Work task
Scan the entries for the word "Mountain". Every line that has it should be copied.

Source information
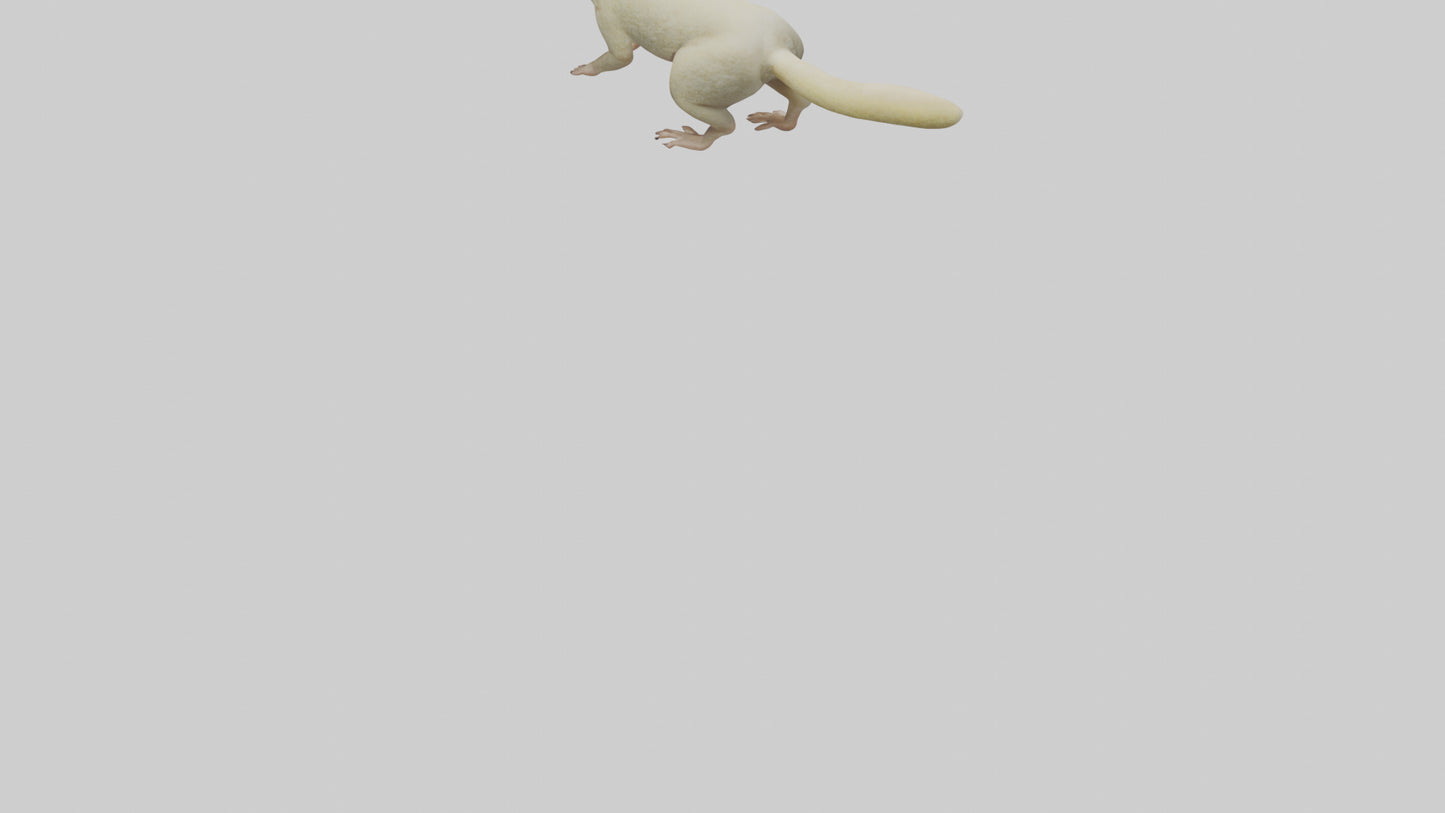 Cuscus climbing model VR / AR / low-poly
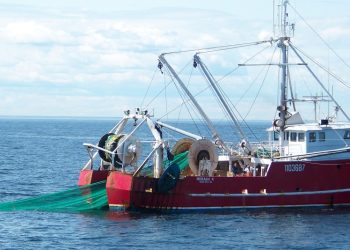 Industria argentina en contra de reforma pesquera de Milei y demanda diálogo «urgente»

* * *

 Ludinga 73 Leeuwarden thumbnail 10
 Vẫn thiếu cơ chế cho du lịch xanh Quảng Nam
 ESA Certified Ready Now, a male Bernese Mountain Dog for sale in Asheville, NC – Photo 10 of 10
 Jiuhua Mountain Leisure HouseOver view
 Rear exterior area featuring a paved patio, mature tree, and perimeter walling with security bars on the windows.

Task answer
 ESA Certified Ready Now, a male Bernese Mountain Dog for sale in Asheville, NC – Photo 10 of 10
 Jiuhua Mountain Leisure HouseOver view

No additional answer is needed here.